Scalable MatMul-free Language Modeling
This addresses scalability issues for AI practitioners by reducing resource demands, though it is incremental as it builds on existing LLM architectures.
The paper tackled the computational and memory challenges of large language models by eliminating matrix multiplication operations, achieving comparable performance to state-of-the-art Transformers with up to 61% memory savings in training and over 10x reduction in inference, and demonstrating 4x higher throughput with 10x less energy on neuromorphic systems.
Large Language Models (LLMs) have fundamentally altered how we approach scaling in machine learning.
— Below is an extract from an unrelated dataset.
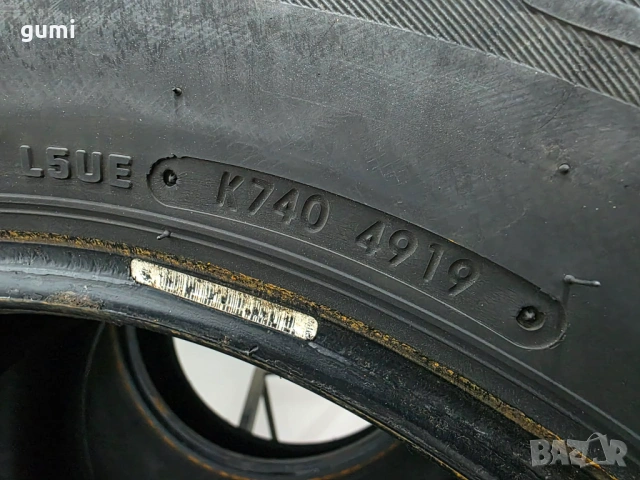 4бр летни гуми за бус 215/65/16C LASSA L05263 , снимка 7 - Гуми и джанти - 53956322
However, these models pose substantial computational and memory challenges, primarily due to the reliance on matrix multiplication (MatMul) within their attention and feed-forward (FFN) layers. We demonstrate that MatMul operations can be eliminated from LLMs while maintaining strong performance, even at billion-parameter scales. Our MatMul-free models, tested on models up to 2.7B parameters, are comparable to state-of-the-art pre-trained Transformers, and the performance gap narrows as model size increases. Our approach yields significant memory savings: a GPU-efficient implementation reduces memory consumption by up to 61% during training and over 10x during inference. When adapted for a multi-chip neuromorphic system, the model leverages asynchronous processing to achieve 4x higher throughput with 10x less energy than edge GPUs.